Myeloma-Developing Regimens Using Genomics (MyDRUG) (MyDRUG)

• ClinicalTrials.gov Identifier: NCT03732703
• Recruitment Status: Unknown
• First Posted: November 7, 2018
• Last Update Posted: September 10, 2021
• Sponsor: Multiple Myeloma Research Consortium
• Collaborators: AbbVie; Celgene Corporation; Eli Lilly and Company; Genentech, Inc.; Janssen, LP; Takeda; GlaxoSmithKline; Karyopharm Therapeutics Inc
• Information provided by (Responsible Party): Multiple Myeloma Research Consortium

Study Description

Brief Summary:

The MyDRUG study is a type of Precision Medicine trial to treat patients with drugs targeted to affect specific genes that are mutated as part of the disease. Mutations in genes can lead to uncontrolled cell growth and cancer. Patients with a greater than 25% mutation to any of the following genes; CDKN2C, FGFR3, KRAS, NRAS, BRAF V600E, IDH2 or T(11;14) can be enrolled to one of the treatment arms. These arms have treatments specifically directed to the mutated genes.

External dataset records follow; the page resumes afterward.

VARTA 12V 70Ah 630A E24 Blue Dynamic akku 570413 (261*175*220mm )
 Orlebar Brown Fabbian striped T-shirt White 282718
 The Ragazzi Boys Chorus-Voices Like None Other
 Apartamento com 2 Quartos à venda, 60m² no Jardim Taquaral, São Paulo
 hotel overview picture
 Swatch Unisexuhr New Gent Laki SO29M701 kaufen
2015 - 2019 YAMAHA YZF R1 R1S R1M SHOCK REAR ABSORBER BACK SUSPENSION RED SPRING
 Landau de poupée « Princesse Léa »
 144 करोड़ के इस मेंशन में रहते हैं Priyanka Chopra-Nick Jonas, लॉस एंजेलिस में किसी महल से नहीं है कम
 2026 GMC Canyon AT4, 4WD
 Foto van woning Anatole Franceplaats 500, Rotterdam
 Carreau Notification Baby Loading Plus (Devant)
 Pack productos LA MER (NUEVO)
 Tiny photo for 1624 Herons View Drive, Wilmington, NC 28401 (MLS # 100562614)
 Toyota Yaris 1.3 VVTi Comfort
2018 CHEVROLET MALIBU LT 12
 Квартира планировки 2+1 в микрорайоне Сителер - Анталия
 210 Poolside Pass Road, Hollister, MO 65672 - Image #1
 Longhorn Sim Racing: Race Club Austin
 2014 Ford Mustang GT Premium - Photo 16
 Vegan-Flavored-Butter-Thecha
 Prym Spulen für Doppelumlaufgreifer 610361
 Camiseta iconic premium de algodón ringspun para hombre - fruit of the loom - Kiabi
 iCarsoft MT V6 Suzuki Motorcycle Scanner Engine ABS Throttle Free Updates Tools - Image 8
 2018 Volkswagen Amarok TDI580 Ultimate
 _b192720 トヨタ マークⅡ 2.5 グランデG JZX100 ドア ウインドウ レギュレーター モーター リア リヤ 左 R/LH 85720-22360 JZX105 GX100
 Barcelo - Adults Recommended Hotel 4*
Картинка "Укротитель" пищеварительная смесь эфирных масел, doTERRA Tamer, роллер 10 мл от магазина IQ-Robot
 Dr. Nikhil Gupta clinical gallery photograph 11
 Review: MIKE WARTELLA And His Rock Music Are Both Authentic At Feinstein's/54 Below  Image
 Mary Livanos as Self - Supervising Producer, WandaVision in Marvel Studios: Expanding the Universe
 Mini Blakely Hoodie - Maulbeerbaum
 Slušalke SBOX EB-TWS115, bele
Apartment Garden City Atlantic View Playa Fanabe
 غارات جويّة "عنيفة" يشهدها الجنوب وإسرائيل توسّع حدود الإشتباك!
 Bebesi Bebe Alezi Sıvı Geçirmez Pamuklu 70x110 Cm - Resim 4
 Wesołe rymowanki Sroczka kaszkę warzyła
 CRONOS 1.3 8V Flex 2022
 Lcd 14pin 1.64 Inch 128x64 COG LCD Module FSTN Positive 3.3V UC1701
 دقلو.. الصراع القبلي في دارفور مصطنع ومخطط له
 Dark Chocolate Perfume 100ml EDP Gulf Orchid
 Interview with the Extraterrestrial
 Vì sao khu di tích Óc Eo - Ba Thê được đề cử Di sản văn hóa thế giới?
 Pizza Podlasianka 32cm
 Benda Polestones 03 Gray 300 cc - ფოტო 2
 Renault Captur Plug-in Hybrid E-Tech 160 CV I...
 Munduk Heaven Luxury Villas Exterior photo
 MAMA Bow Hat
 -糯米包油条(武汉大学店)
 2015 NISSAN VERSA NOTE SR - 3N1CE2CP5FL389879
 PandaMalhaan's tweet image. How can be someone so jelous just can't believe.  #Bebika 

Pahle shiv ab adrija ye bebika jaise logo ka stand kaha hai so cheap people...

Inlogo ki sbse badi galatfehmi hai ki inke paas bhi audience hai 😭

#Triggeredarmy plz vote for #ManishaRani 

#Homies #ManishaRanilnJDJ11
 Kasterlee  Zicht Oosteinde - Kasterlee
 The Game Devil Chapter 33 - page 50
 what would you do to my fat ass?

Patients that do not have a greater than 25% mutation to the genes listed can be enrolled to a non-actionable treatment arm.

The genetic sequencing of the patient's tumor is required via enrollment to the MMRF002 study: Clinical-grade Molecular Profiling of Patients with Multiple Myeloma and Related Plasma Cell Malignancies. (NCT02884102).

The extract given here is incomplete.